Exercise directions: Produce all the records again exactly as they stand.

Data section:
[Start of Attachment]

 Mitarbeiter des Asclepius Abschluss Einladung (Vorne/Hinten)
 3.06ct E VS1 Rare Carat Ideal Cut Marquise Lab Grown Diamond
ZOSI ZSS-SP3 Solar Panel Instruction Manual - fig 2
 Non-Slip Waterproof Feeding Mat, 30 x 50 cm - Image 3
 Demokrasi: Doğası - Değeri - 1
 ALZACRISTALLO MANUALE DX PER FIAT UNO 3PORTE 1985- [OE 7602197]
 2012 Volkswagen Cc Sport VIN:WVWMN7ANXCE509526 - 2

[End of Attachment]

Result of the task:
 Mitarbeiter des Asclepius Abschluss Einladung (Vorne/Hinten)
 3.06ct E VS1 Rare Carat Ideal Cut Marquise Lab Grown Diamond
ZOSI ZSS-SP3 Solar Panel Instruction Manual - fig 2
 Non-Slip Waterproof Feeding Mat, 30 x 50 cm - Image 3
 Demokrasi: Doğası - Değeri - 1
 ALZACRISTALLO MANUALE DX PER FIAT UNO 3PORTE 1985- [OE 7602197]
 2012 Volkswagen Cc Sport VIN:WVWMN7ANXCE509526 - 2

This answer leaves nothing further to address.